Well, I’m caucasian myself. Not that it matters at all, but I read one post on your site and I was hooked. I think this site is great and the work you do is awesome, and you look great by the way. Those people that say all of that crap are really just hateful and I honestly I fear for their own self worth.

Erika Nicole Kendall September 1, 2014 - 9:59 AM

🙂

Sarah September 2, 2014 - 7:26 PM

I know this is an old post but I’m an australian white girl with latino background (spanish/italian) and I love your blog ! I used to like reading fitness mags when I was a bit younger (I’m 24 now), but I always feel like the magazines are talking to or about a person that doesn’t exist..just as an example this is in the editor’s letter of a mag I picked up the other day “OMG. No! It’s bikini season in a nanosecond and I’m so not ready…”. The mag’s address how to lose weight or be fit but their language don’t make me feel any more empowered…and make me feel like if I’m not stressed about being thin then I should be! I love your blog because its all about challenging norms/stereotypes/preconceptions and particularly ones that stop us from appreciating ourselves for who we are. and you create discussion!
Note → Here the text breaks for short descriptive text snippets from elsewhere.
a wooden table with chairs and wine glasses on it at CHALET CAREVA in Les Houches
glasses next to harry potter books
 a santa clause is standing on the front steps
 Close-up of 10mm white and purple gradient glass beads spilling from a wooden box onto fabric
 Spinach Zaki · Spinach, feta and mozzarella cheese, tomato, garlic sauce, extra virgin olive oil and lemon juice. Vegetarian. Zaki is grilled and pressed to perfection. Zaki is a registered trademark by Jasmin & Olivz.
It really doesn’t matter to me that sometimes I don’t connect on the surface problems.. its the deeper issues that those surface issues come from that we all share!

Sheri Sellars November 25, 2014 - 2:32 PM

Hi Erika! I was reading your holiday eating tips and the title of this one caught my eye, so I read through it too. I just wanted to tell you that every time I have read your blog I find it pertinent. There’s a lot of truth in here.

I wanted to also send you sincere thanks. A very good friend of mine has made some serious changes to her health and fitness (not to mention her self esteem and sense of inner strength) in part from reading and relating to what you have to say, including the cultural issues. She is a shining light and finally can see that about herself. It makes me appreciate you that much more.

Erika Nicole Kendall November 26, 2014 - 11:14 AM

<3

Mariah September 8, 2016 - 2:59 PM

Erika,

Simply communicating in a way that can reach a wide audience is so important, for years only a fraction of the world’s population had a voice in mainstream media. Your blog is a nexus of strength for the struggles that still exist: women fighting to shape their worlds and define themselves, African Americans fighting for a stake in their futures and a real view of their past and present. Also important, your blog functions as a place for those outside the communities listed above to go and hear a first hand account of the thoughts of those within. There are so many stories that have been supressed because their sheer brutality was unflattering to those who perpetrated it. How can change come when reality is denied, when those who were complicit in the race-based and gender-based violence aren’t confronted with another’s experience? Through voices like yours. Thank you thank you thank you for your voice, your courage, your strength. I could keep going but pullllllling it back. Lol. You’re the best.